Four lads in a band: A chat with Kodaline


When Kodaline was first entering our music consciousness, their Facebook bio identified them simply as “four lads in a band.” Now with a chart-topping debut album under their belts, the Dublin-based band has been performing to capacity crowds from Milan to Montreal, London to LA. I first wrote about their music last year after hearing them at the 9:30 Club in Washington, D.C., supporting Airborne Toxic Event. When Kodaline returned in early 2014 — this time in a headlining tour — I was thrilled for the opportunity to chat with Jay Boland (bass guitar) and Steve Garrigan (vocals, rhythm guitar, harmonica, keyboard). Here’s the interview, along with some photos from the show.

I heard you guys finishing up sound check just now.
Jay: Yes, so we’re getting ready for our third gig in Washington! It’s awesome. [U Street Music Hall] is a really cool venue as well. Next time the 9:30 Club. That’s the plan.

That would be exciting. I love that venue.
Jay: [W]e started this tour in Toronto in the Danforth, and that was the last gig we did with everyone on our first tour in the U.S. So we’re starting our big headlining tour in the U.S. in the place where we finished last time. It’s a good cycle. And it was all within about a year.

You guys have been busy.
Jay: [laughs] It’s been non-stop.

Jason (Jay) Boland of Kodaline
Jason (Jay) Boland of Kodaline

Apart from sound check, do you have other pre-show routines, rituals?
Jay: No, nothing, really. We’re very lackadaisical before the show. Warm up a little. We love playing gigs so the energy comes up the second you go up there [on stage].

Vinny [drummer Vinny May] has a Playstation case that he built for his new PS4. He got it for Christmas and he couldn’t bear to leave it at home. So he built a case with a screen in it and that’s his touring game system. And so we end up playing these really stressful computer games.

Because touring isn’t stressful enough.
Jay: [Laughs] Exactly. We were stuck on the freeway for about 12 hours the other night. Broke down on the way from Philly to Boston. But we got there in the end.

Yeah, sorry about welcoming you with snowstorms. It’s not personal, just so you know.

We transition to the musicians’ break room, just off the performance space. The room is cozy, with a couch, chair, suitcases, and a small table set up with fruit and soda. Steve invites me to sit down. We move to the corner, where he shifts a stack of neatly-folded towels to make space and we laugh good-naturedly about the close quarters.

Do you have favorite foods on the road — do you try to eat local specialties?
Steve: We try to get local beer. The food — we ask for recommendations. There’s usually a nice restaurant within five-minute’s walk. It’s not too bad.

Jay was just telling me about you guys trying to get to Boston through all that snow.
The weather’s been crazy. We played a show in Philadelphia [on February 13th]. It was sold out but because the weather was so crazy, 300 people turned up, which is about half of what the venue fits.
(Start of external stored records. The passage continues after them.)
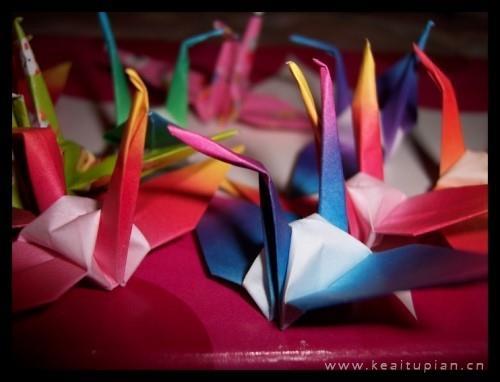 唯美用心折千纸鹤能给爱的人带来幸福与好运图片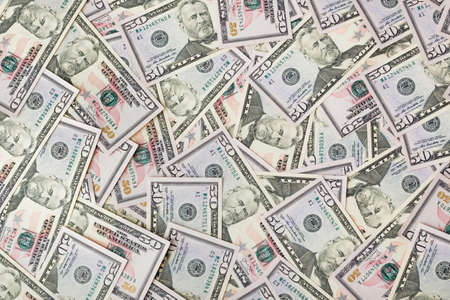 Dollars background - abstract business money texture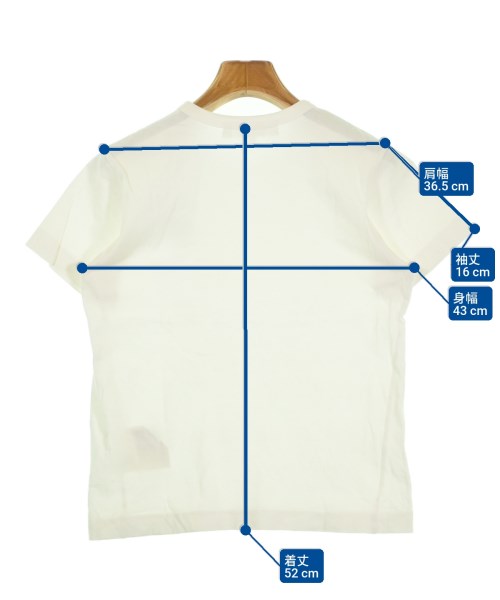 PLAY COMME des GARCONS（プレイコムデギャルソン）Tシャツ・カットソー 白 サイズ:M レディース/2200642482020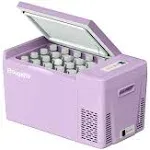 BougeRV 12V 23 Quart Colorful Purple Mini Fridge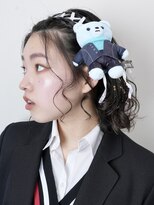 レボル(REVOL)&nbsp;くまちゃんレースアップアレンジ☆ヘアメイクヘアメ推し活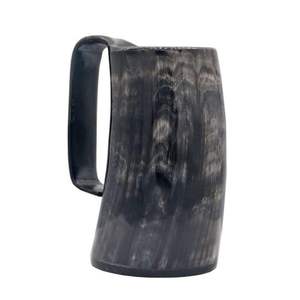 Jarra de Cerveza Vikinga Hecha a Mano, Jarra de Cerveza Medieval Auténtica Pulida y Brillante para Fiestas y Bares - Product Image 1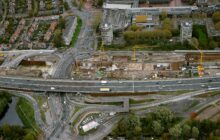Luchtfoto van traject A9 ter hoogte van Amstelveen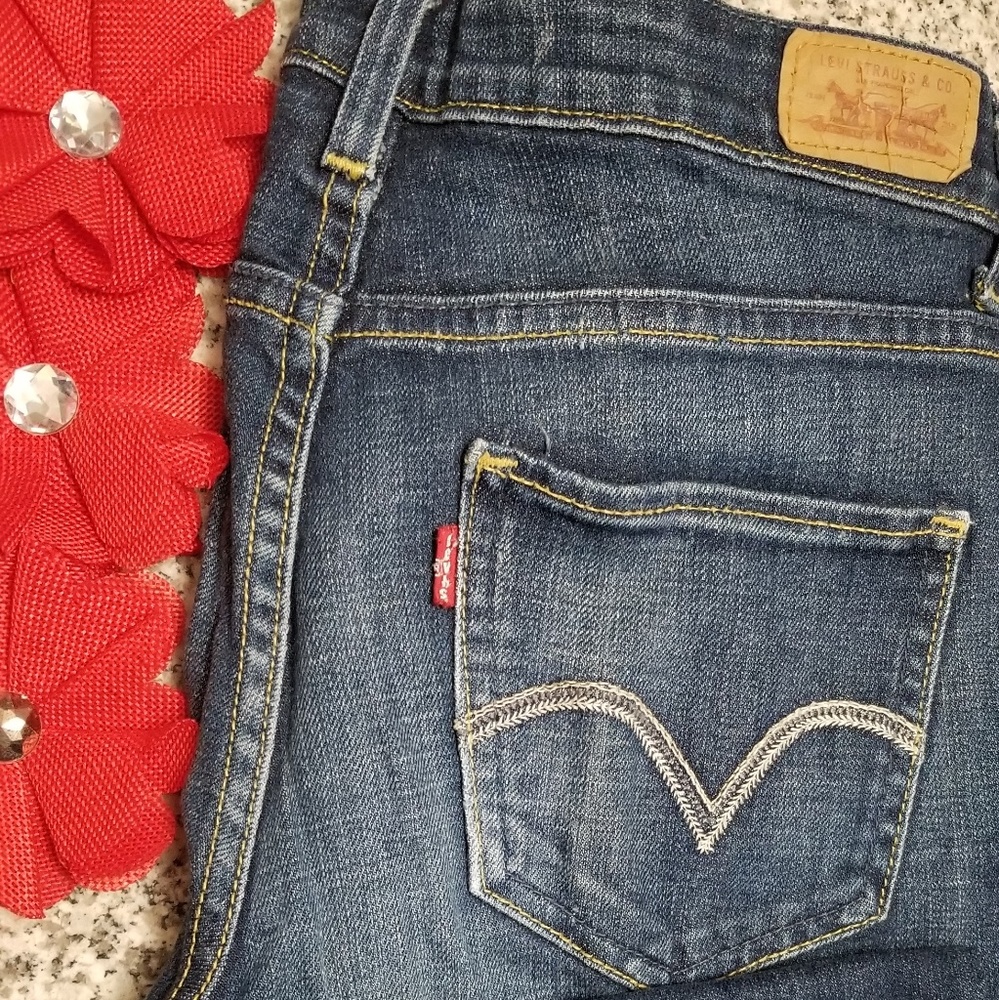 LEVI'S MID RISE SKINNY JEANS - Picture 2 of 4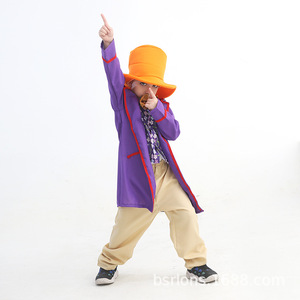 Disfraz Infantil Unisex <span class=keywords><strong>de</strong></span> Halloween <span class=keywords><strong>de</strong></span> <span class=keywords><strong>Charlie</strong></span> y la Fábrica <span class=keywords><strong>de</strong></span> <span class=keywords><strong>Chocolate</strong></span> para Willy, Traje <span class=keywords><strong>de</strong></span> Poliéster para Actuaciones - Product Image 2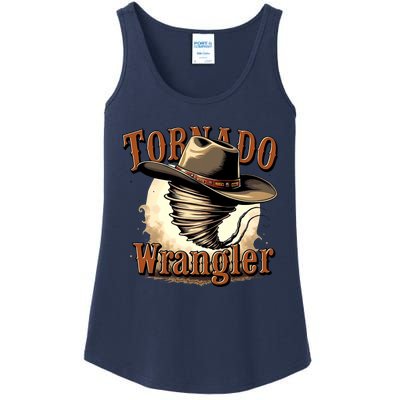 Tornado Wrangler Cowboy Wrangler Ladies Essential Tank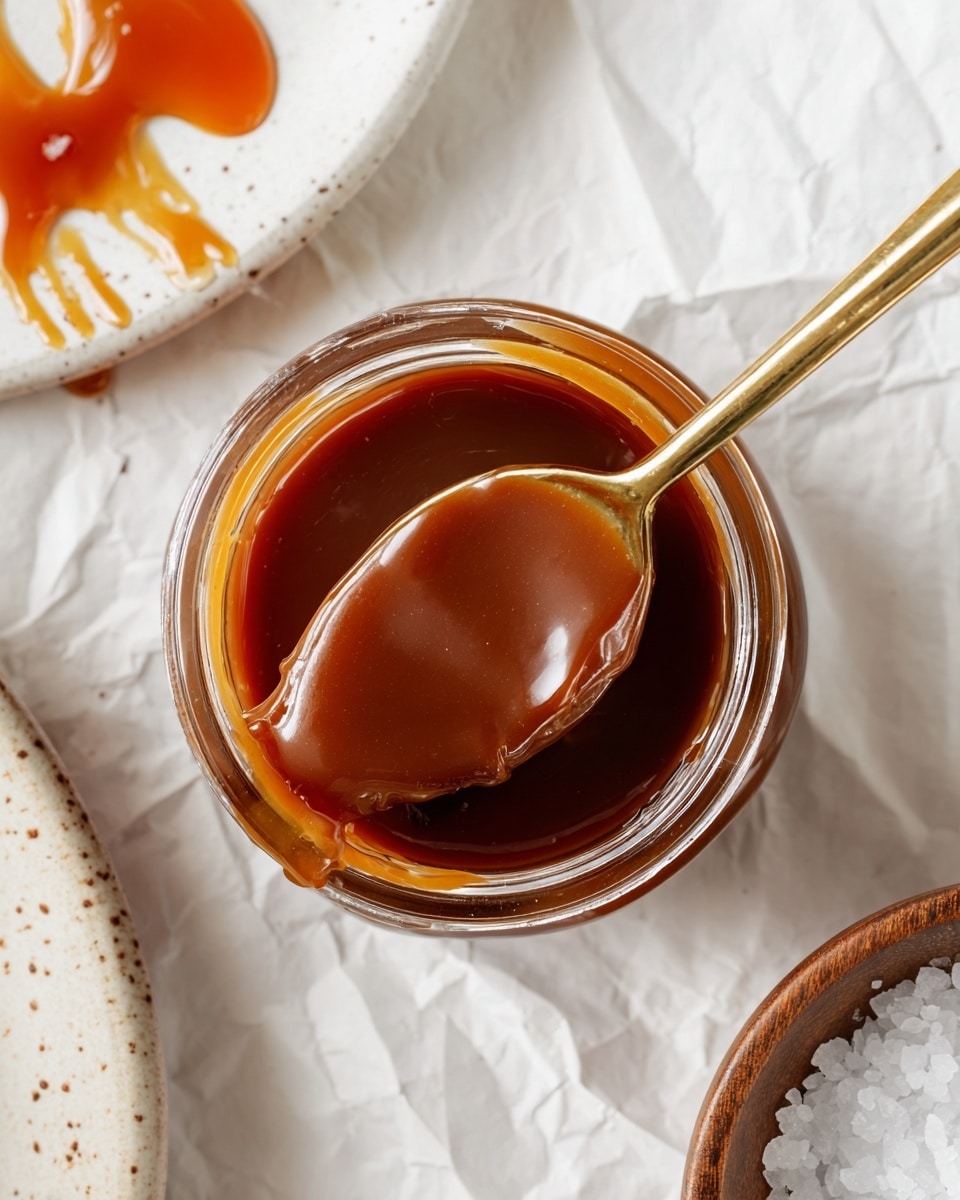 Homemade Caramel Sauce Recipe - Recipe Image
But it was still a great gig, and we were just happy that people turned up, in crazy weather — [to the fans,] “well done, cheers, thank you.”

Other than indulging people like me, do you have pre-show rituals?
You’re looking at it there [laughs and gestures to Vinny, who walks in while folding a t-shirt]. Not really. Well, we stretch.

Yoga stretching?
No, just a couple of stretches, you know. It’s good to be limber.

So no downward dog.
Not yet. But maybe — [laughs]. We’re pretty chill. Probably have a beer, do a couple of stretches, that’s about it. Nothing crazy.

Your album is dedicated to Woodzi. Who is Woodzi?
That’s a really good question. Woodzi — it’s kind of a sad story — is a friend of ours who passed away just right around the time we were finishing our album. So we dedicated it to him. It was the best thing that we could do. To remember him.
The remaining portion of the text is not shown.